TASK DIRECTIONS —
Leave out every picture, and return exactly the lines from the line containing "Royal Brush Menta" through the end of the records below, both inclusive.

RECORDED INFORMATION —
+++
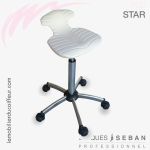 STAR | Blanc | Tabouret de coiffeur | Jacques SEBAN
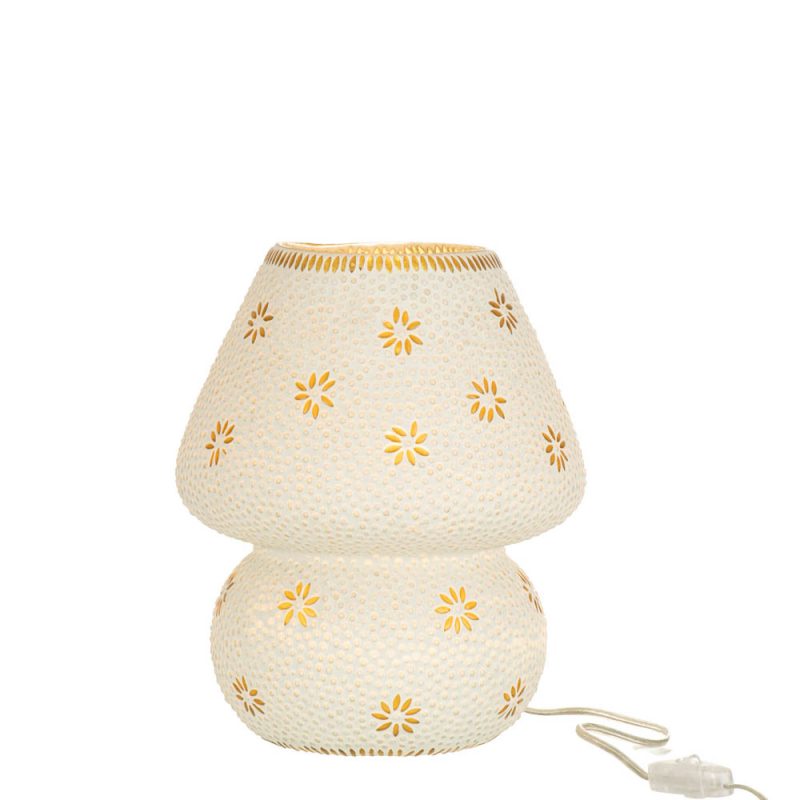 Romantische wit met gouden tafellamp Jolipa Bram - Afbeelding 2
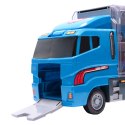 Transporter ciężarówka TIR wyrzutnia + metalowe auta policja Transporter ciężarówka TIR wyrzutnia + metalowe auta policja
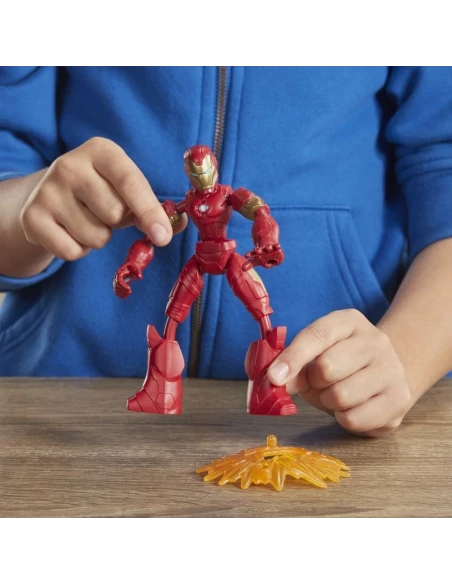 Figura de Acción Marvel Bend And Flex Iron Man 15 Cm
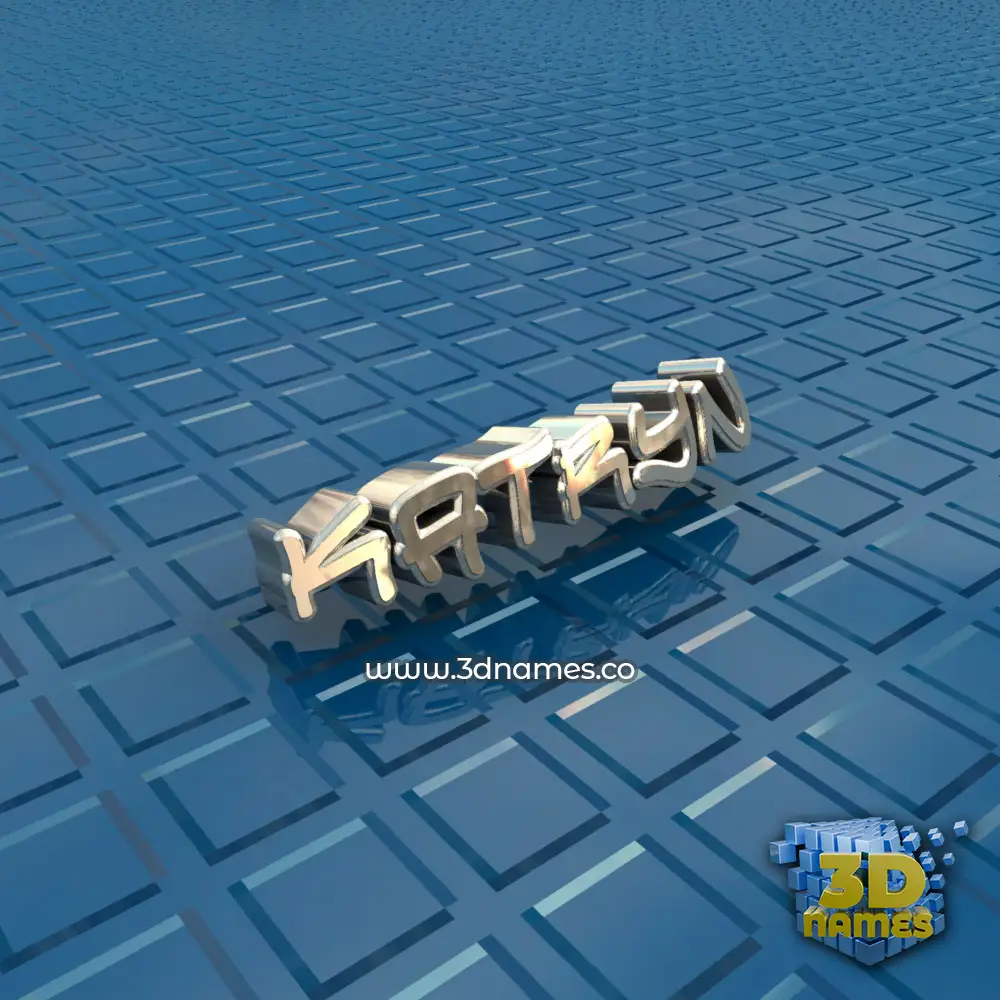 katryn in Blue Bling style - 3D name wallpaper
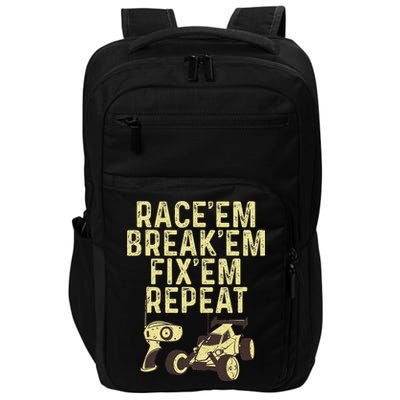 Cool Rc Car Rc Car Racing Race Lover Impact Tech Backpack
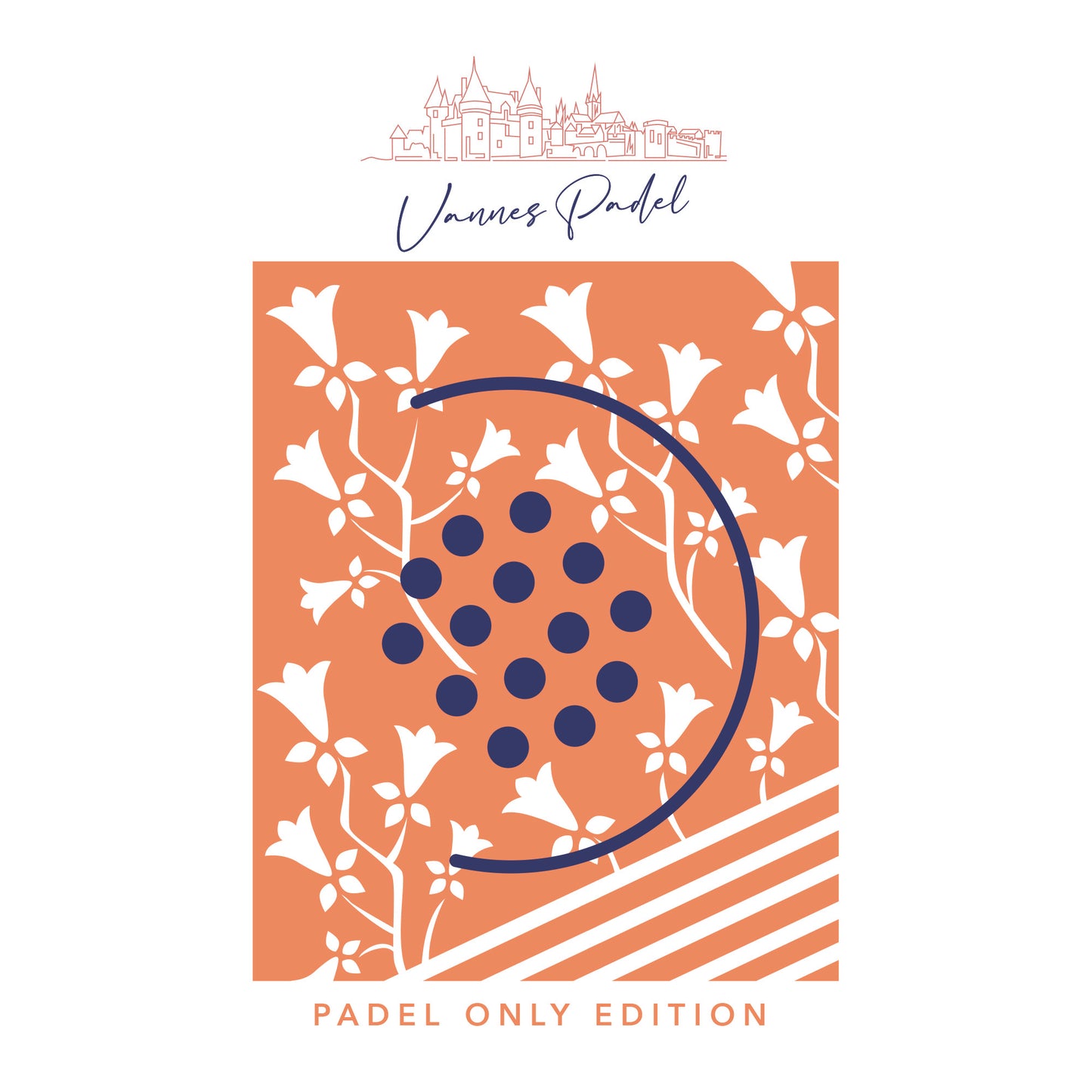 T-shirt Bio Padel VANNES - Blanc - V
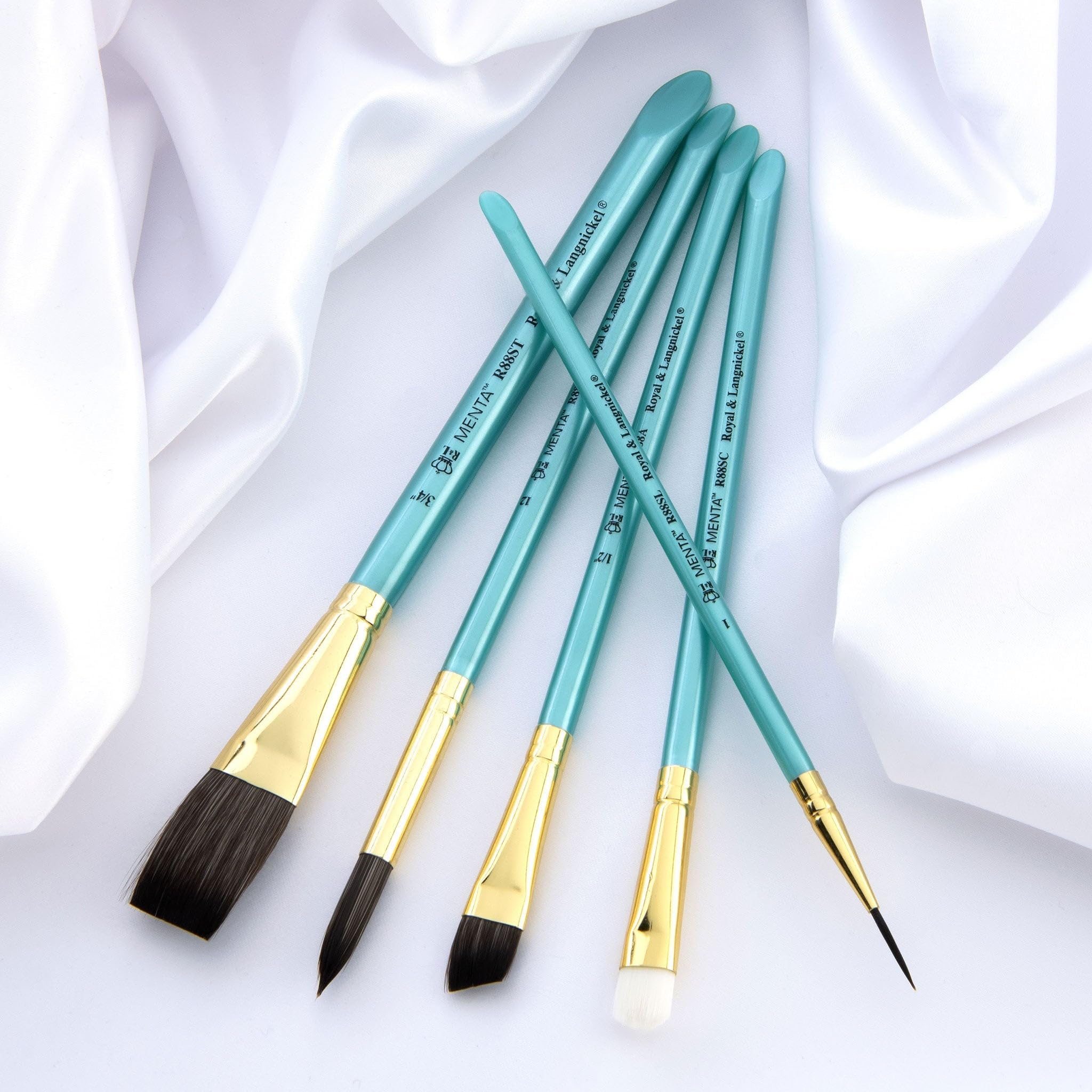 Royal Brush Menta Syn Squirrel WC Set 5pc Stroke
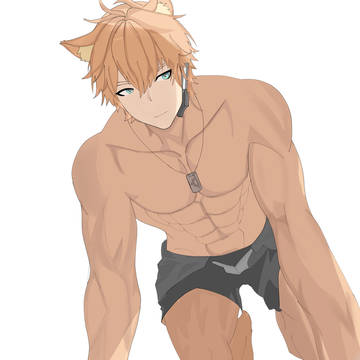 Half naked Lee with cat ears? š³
+++
EXERCISE ANSWER —
 Royal Brush Menta Syn Squirrel WC Set 5pc Stroke
 Half naked Lee with cat ears? š³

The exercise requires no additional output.